# Need Help With Drawing



## coen (Apr 14, 2008)

Can anyone help me with a drawing of a *forward and reverse single phase motor* please, I need it for my phase test at my trade training center next week, our trainer gave a drawing but I think it's incorrect. I would appreciate it if someone could help me please!


----------



## wirenut1110 (Feb 12, 2008)

can you post your drawing?


----------



## wirenut1110 (Feb 12, 2008)

Most 1ph motors you basically reverse the start windings. Leads T5 & T8 Best way though is look on the nameplate.
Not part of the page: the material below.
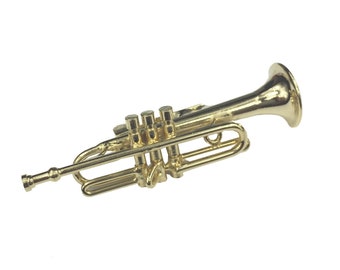 Trumpet Brooch Miniblings Pin Badge Button Badge Trumpeter Box Gold Plated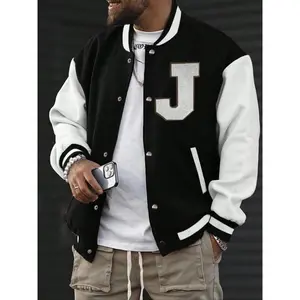 Men's Plus Size Long Sleeve Letter Print Baseball Jacket, Casual Fashion Outerwear, Comfortable and Stylish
If you're teacher gave you the drawing and (s)he's not right then there ya go.


----------



## 480sparky (Sep 20, 2007)

Are you asking about how to provide wiring to a single-phase motor to be able to switch CW/CCW rotation?


----------



## HighWirey (Sep 17, 2007)

coen said:


> Can anyone help me with a drawing of a *forward and reverse single phase motor* please, I need it for my phase test at my trade training center next week, our trainer gave a drawing but I think it's incorrect. I would appreciate it if someone could help me please!


Best wishes on your test.

I have relied on the diagrams provided in many equipment vendors catalogs, usually provided free of cost by your local electrical supplier. Those folks do not bite and are quite helpful.

You will pick up a wealth of _accurate _information just by perusing a vendor's catalog.

Work'in For That Free Tee . . .


----------



## randomkiller (Sep 28, 2007)

Would we get honorable mention on the exam?


----------